Könnt ihr mir alle das Notebooks ACER Aspire 5738ZG-432G25MN *Exklusiv bei uns* empfehlen? Habe Testberichte gelesen, und die sind ja durchgängig positiv - ja sogar sehr!  Aber, Notebooksbilliger.de hat ja eine Sonder Edition - ist die auch besser? Also die normale hat ja 4 GB RAM und die Geforce 105M. Und 350 GB HDD. Sonst sollte ja alles ein und das selbe sein ....?!

Aber, wenn das Notebook an sich nicht schlechter ist als die normale Edition die man sich noch vor einem Monat bei Media Markt kaufen konnte, dann kauf ich es mir sofort- da nurnoch 125 Stück.

mfg Max


----------



## Herbboy (14. Oktober 2009)

*AW: Gutes "allround" Notebook - bis 500€.*

also, das 5738zg gibt es in versch. versionen. die eine in link gibt es halt nur bei NBB. ein ähnliches gab es vor ein paar wochen auch bei mediamarkt, auch mit ner 4570. das mit ner 105m is wieder ein andere.

für den preis ist das halt top. natürlich ist es nicht so "edel" wie reine offciebooks zum gleichen preis, aber die können halt rein gar nix in sachen gaming. wenn das book so stark wie möglich sein soll, liegst du damit bis 500€ richtig.


----------



## Killboy13 (14. Oktober 2009)

*AW: Gutes "allround" Notebook - bis 500€.*

Super!


Und da das Notebook sowieso nur zuhause bleibt, machts nix aus. 


Aber wie siehts mit Treiber CDs usw. aus? - Will mir dann Windows 7 ( ja erstmal Vista Ultimate-dann 7 )selber druff machen, aber habe Angst dass ich die ganzen Treiber net finde, weil warscheinlich die NICHT auf einer CD mitgeliefert werden.

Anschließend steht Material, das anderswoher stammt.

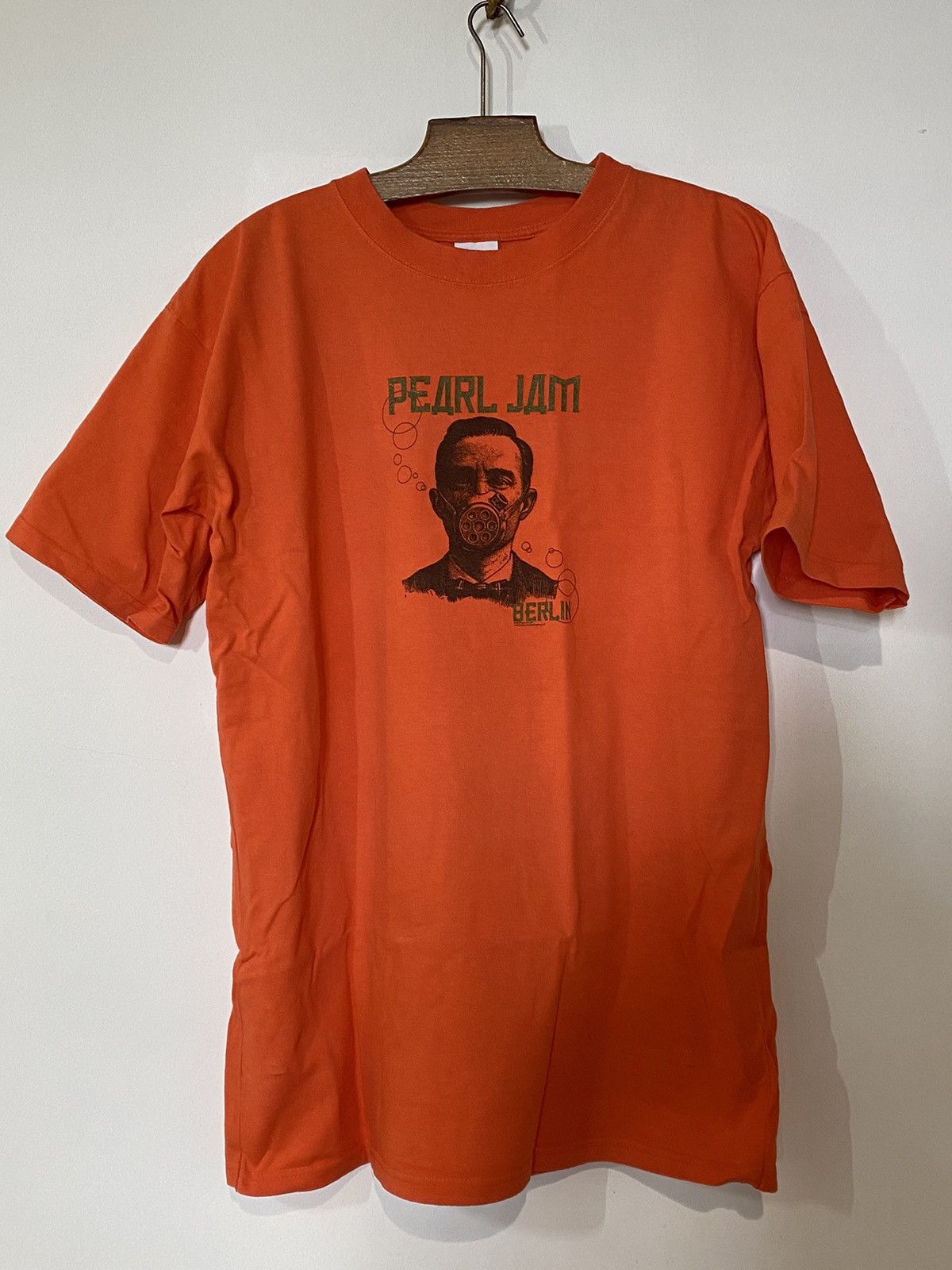 Band Tees Pearl Jam Berlin Late 90s Vintage Hoodie, Sweatshirt | FlexRushtees.com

Und wie siehts es mit dem Versand von Notebooksbilliger.de aus? - Der Versand ist ja anscheinend Gratis-doch nur per Vorkasse? Ich würde sehr sehr gerne per Nachname bezahlen, weil ich das einfach um einiges besser finde. Kostet es da mehr?


mfg Max u. vielen dank


----------



## Herbboy (14. Oktober 2009)

*AW: Gutes "allround" Notebook - bis 500€.*

nachnahme kostet immer mehr, weil da ZWEI gebühren dazukommen. einmal die gebühr, die die post für das überweisen des betrages an den shop nimmt, den du beim bezahlen dem paketboten gibst, und einmal ne gebühr für den aufwand, dass der bote das geld überhaupt einkassieren muss. du zahlst bei nbb.de aber dann 7,99€ weniger, steht auch da, wenn du bei versandkosten auf das fragezeichen klickst. dann zahlst du halt statt 12€ nur 4€ oder so. 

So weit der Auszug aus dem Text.